• WHAT IS NEEDED: Reproduce exactly the lines below, starting at the line that contains "Darwin sunset" and ending with the last line of the records, both included; leave out any pictures.
----- INFORMATION PROVIDED
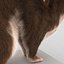 Weasel Pose 3 Fur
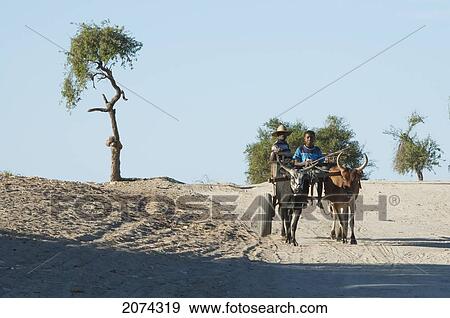 People On A Bullock Cart Near Mangily, Toliara Province, Madagascar View Large Photo Image Stock Photo - People On A Bullock Cart Near Mangily, Toliara Province, Madagascar. Fotosearch
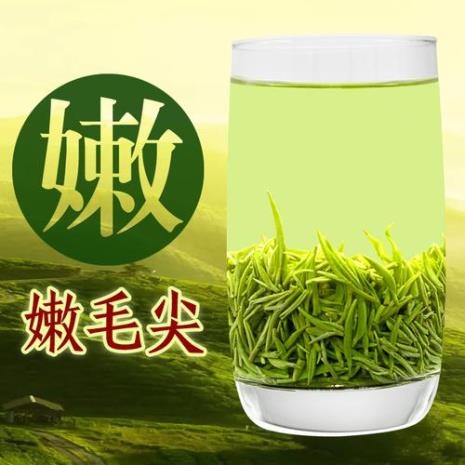 什么茶泡开是嫩芽还很甜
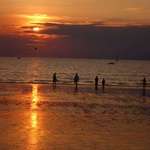 Darwin sunset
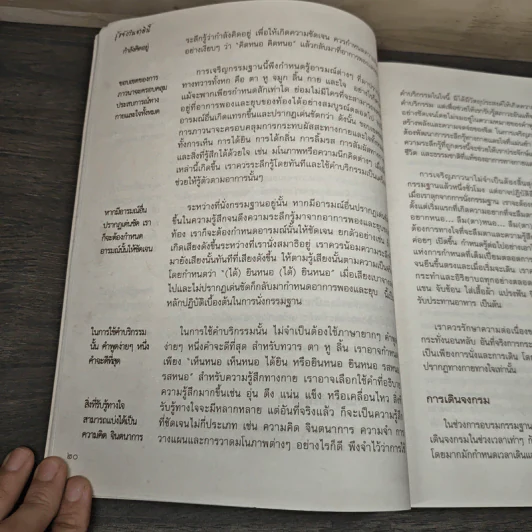 รู้แจ้งในชาตินี้ - พระกัมมัฏฐานาจริยะ อู บัณฑิตาภิวังสะ รูปที่ 7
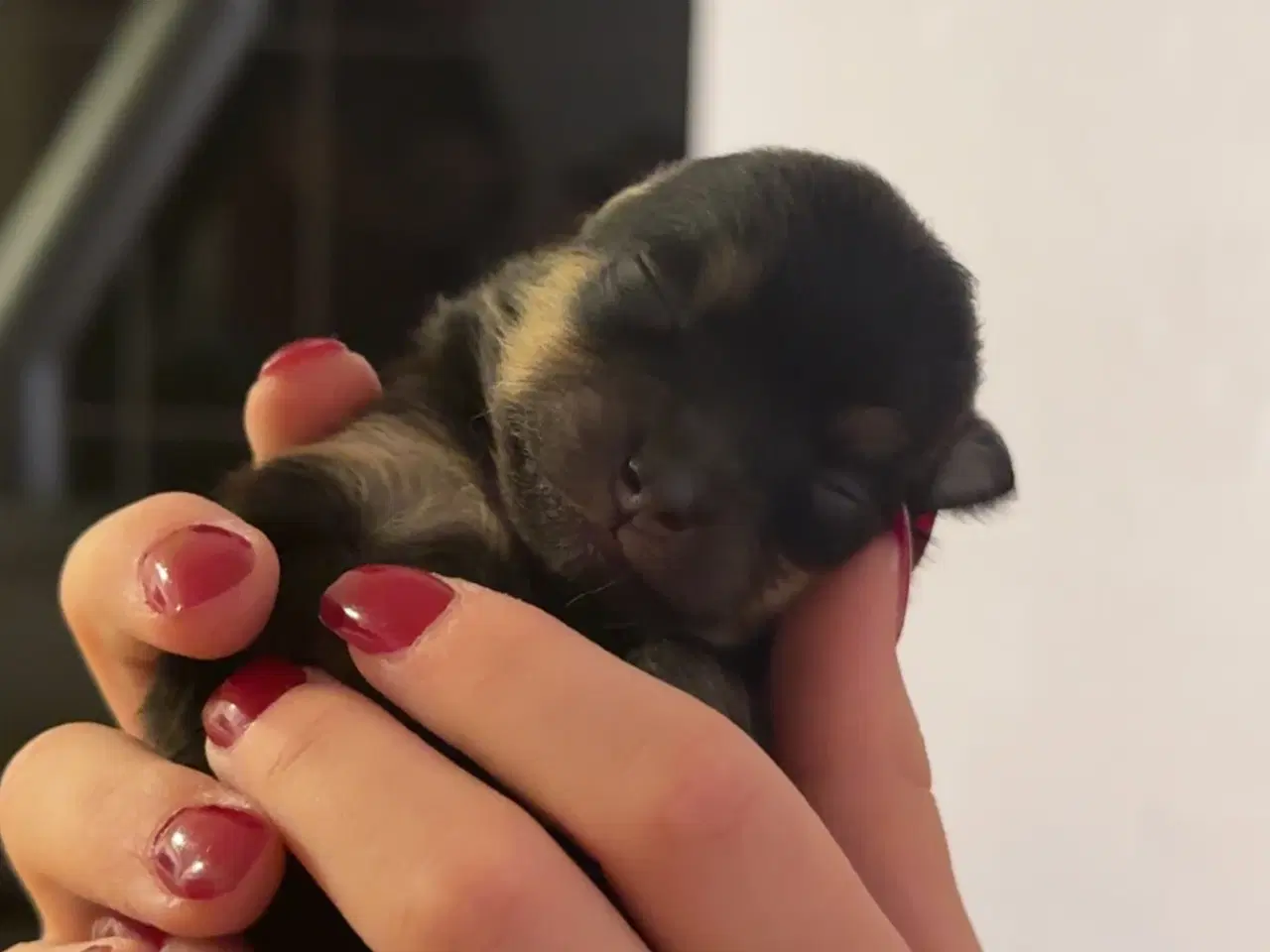 Billede 3 - Pomeranian merle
----------
• YOUR SOLUTION:
 Darwin sunset
 รู้แจ้งในชาตินี้ - พระกัมมัฏฐานาจริยะ อู บัณฑิตาภิวังสะ รูปที่ 7
 Billede 3 - Pomeranian merle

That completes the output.